L’Est Républicain : En ce concerne Génération Écologie, vous réclamez donc un réexamen de l’alternative lorraine…
Brice Lalonde : Oui, ne serait-ce que pour connaître les raisons qui ont motivé son abandon et juger si elles sont valables ou pas. Le tracé de la vallée du Doubs, c’est le plus mauvais qui soit. Elle est non seulement belle mais sinueuse, calcaire, pleine de trous comme du gruyère, pas assez approvisionnée en eau pour ce projet surdimensionné, prévu pour un gabarit incompatible avec la hauteur des ponts.
En plus, il faut franchir une montagne. En face d’une telle accumulation de handicaps, on aimerait bien savoir ce qui rend ce choix plus pertinent que l’autre. Sauf, bien sûr, s’il s’agit d’un défi d’ingénieurs qui veulent matérialiser leur délire. En tout cas, leur montage a enfanté un monstre.
L’Est Républicain : Le chef de l’État lui-même s’y est déclaré « intuitivement favorable ». Savez-vous pourquoi ?
Brice Lalonde : Au début, j’ai pensé comme tout le monde qu’il s’agissait de faire plaisir au maire de Lyon. Mais Raymond barre, dans cette affaire, est isolé. Sa municipalité est loin d’être d’accord.
Et puis 30 milliards de francs, c’est quand même cher payé pour lui faire plaisir ! Je ne sais pas s’il les vaut.
Là encore, ce n’est pas de la bonne politique pour le gouvernement de rendre la situation aussi peu claire, avec des ministres qui ne paraissent pas soutenir des stratégies identiques. On ne sait pas ce qui est vraiment décidé et ce qui ne l’est pas.
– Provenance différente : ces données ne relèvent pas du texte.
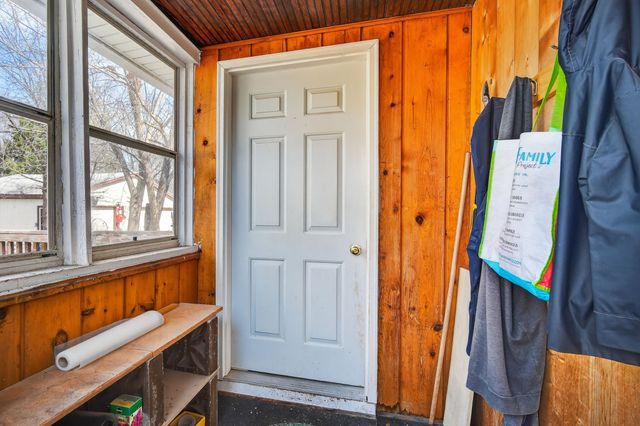 4221 Hickman Road, Des Moines, IA 50310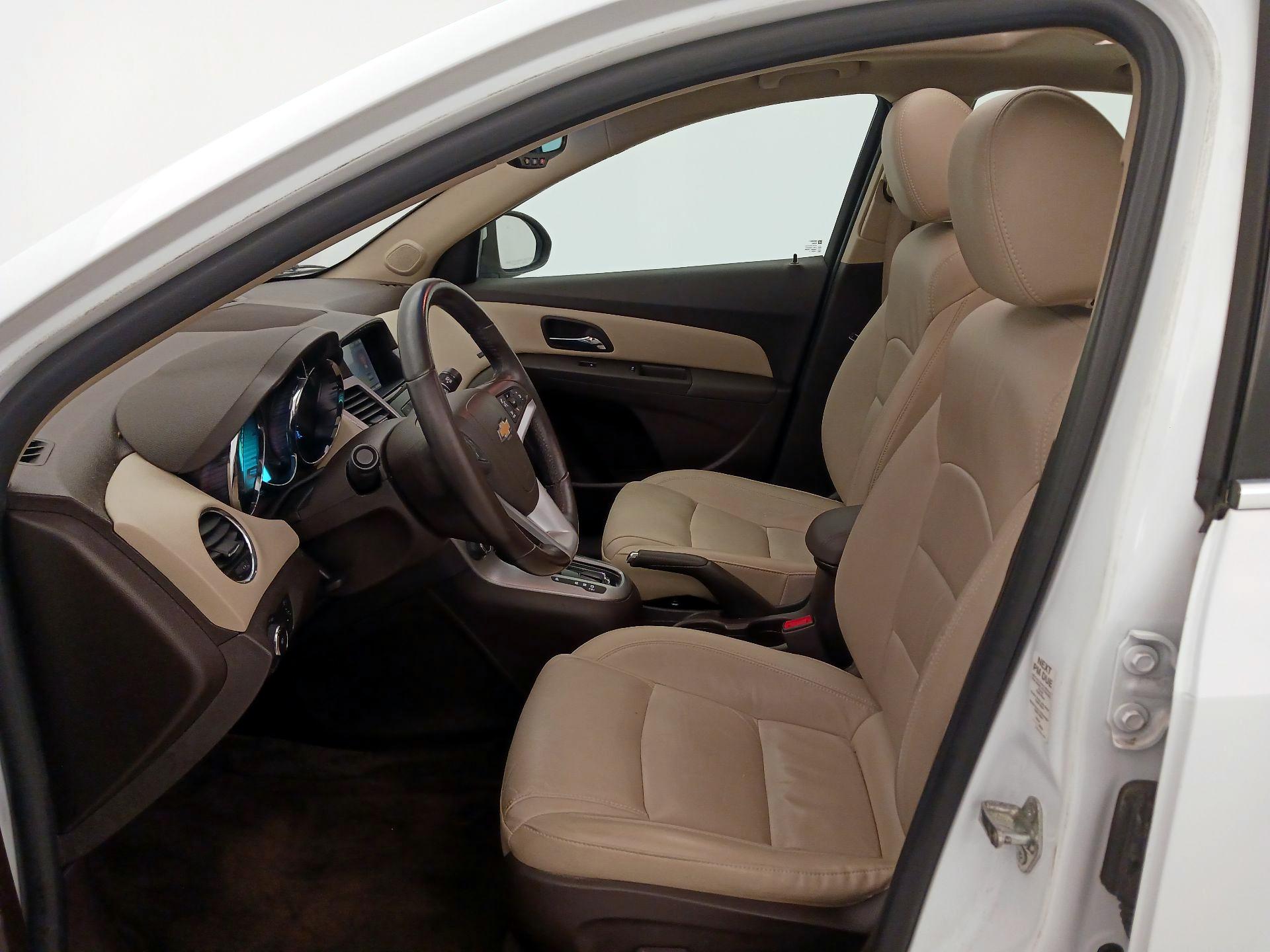 Thumbnail: 2015 Chevrolet Cruze - 11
L’Est Républicain : Vous pensez donc que rien n’est joué…
Brice Lalonde : L’attitude qui consiste pour satisfaire les partisans du grand canal, à faire semblant de pousser la procédure par la vallée du Doubs pour tout abandonner dans six mois, c’est un peu malsain, mais vraisemblable.
Si ce projet continue, c’est parce qu’on a volé de l’argent dans la poche d’EDF et qu’il faut le justifier. Or ce financement flibustier d’une idée colbertiste est inadapté aux besoins.
Les autoroutes de l’information correspondent davantage à l’économie du XXIème siècle que ce canal de François Ier.
La compétitivité doit se construire à partir du capital humain, pas sur la base d’infrastructure du passé.
En résumé, Génération Écologie reste dans l’opposition au projet. Le mouvement participera-t-il aux manifestations du printemps prochain ?
Certainement ! Ce tracé de la vallée du Doubs constitue une erreur et nous avons toujours été aux côtés du WWF dans ce dossier.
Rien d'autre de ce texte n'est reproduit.